What’s HR all about?
HR personnel help the business (an organization) achieve its objectives through the people – who are the biggest asset of a business. Managing machines is not as difficult as managing people who can talk and revolt if you’re not doing things right. So ensure you’re moving into HR for the right reasons if you want to get the satisfaction you desire.
Some of the functions HR Professionals perform includes Recruitment/Selection and Onboarding, Learning and Development, Performance Management, Compensation and Benefit, Documentation, Exit Management, Organizational Development, and Change Management.
You can decide to be a Generalist or a Specialist in any of the HR Functions mentioned. A lot of people are generalists, but being a specialist is also good. Specialists are highly sought after and the pay is juicier because they are scarcer than Generalists.
A social science degree is preferred but it’s not compulsory. If you’re about to choose a degree, I would advise you do a social science course e.g. Industrial Relations and Personnel Management. This is because it’s easier for people with the required educational background than people who do not have it. If you have gotten a degree (doesn’t matter the course) and you have made up your mind to build a career in HR, I would advise you register with CIPM and start writing the exams. As someone who didn’t have a background in HR (I studied Chemical Engineering), those exams really taught me about the basics of practicing HR in Nigeria.
Apart from learning, you also get to network with other HR personnel in your study centre. I would advise you to join a nearby chapter, go for meetings and be involved. Networking is one of the fastest ways to get a job in HR.

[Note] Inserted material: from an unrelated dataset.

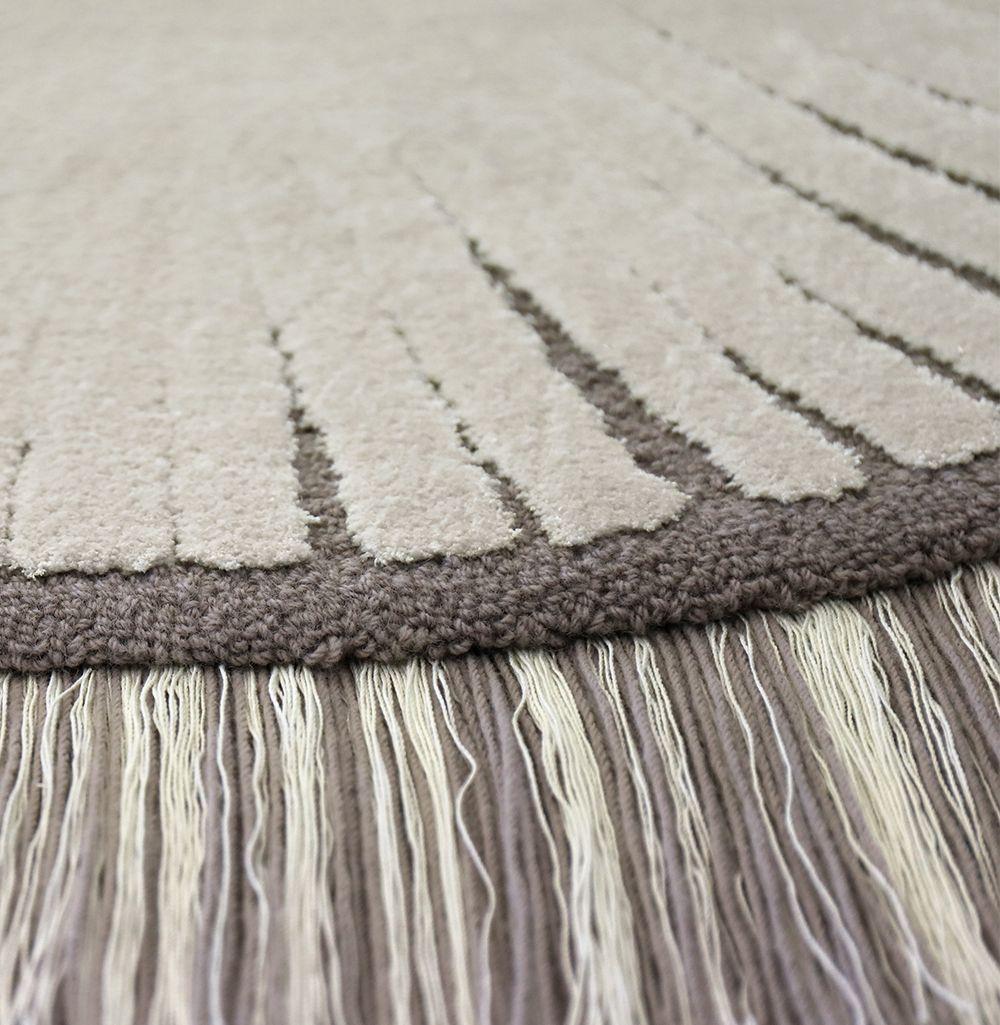 Inspired in the Art Deco movement, that peaked during the 1920s, Rug’Society has created the Dêco rug, that represents the neutral collection in the best way possible. A rug full of glamour and sophistication, with an unusual shape and the addition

Other certifications you can take as time goes on: aPHRi, PHRi, SPHRi, GPHRi, SHRM or a Masters in HR/Industrial Relations.
I’ve highlighted a few skills an H.R Professional should have or build over time to be successful:
The ability to communicate effectively and be void of ambiguity. Oral and written communication is key! The ability to listen well is also key!

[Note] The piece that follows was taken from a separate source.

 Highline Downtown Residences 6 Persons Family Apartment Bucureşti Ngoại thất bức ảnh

The ability to be self-organized and deploy it towards helping the business is important. HR Generalist does a lot of things. If you’re not organized, you will drop the ball.
This is where you have to put the ‘human’ in HR. This is very critical so you don’t become a tyrant.
This is the ability to create a good experience for your customers (the staff members you manage). They are your clients and you’re not a ‘god’.
You will need to make a lot of tough decisions. For instance, making recruitment decisions would involve a lot of thought process, so you have to develop that over time.
HR Practitioners usually take up multiple projects in the organization which they have to see to completion.
I can tell you for free that HR is a rewarding career that allows you make an impact on the lives of people and also the business. The best part is seeing your efforts and initiatives drive business growth and reduce turnover, thereby saving cost and seeing the business succeed. The ability to balance your policies to suit management and staff will help you succeed. It is financially rewarding and it’s a good career path in which you can grow.
I wish you the best in your HR journey.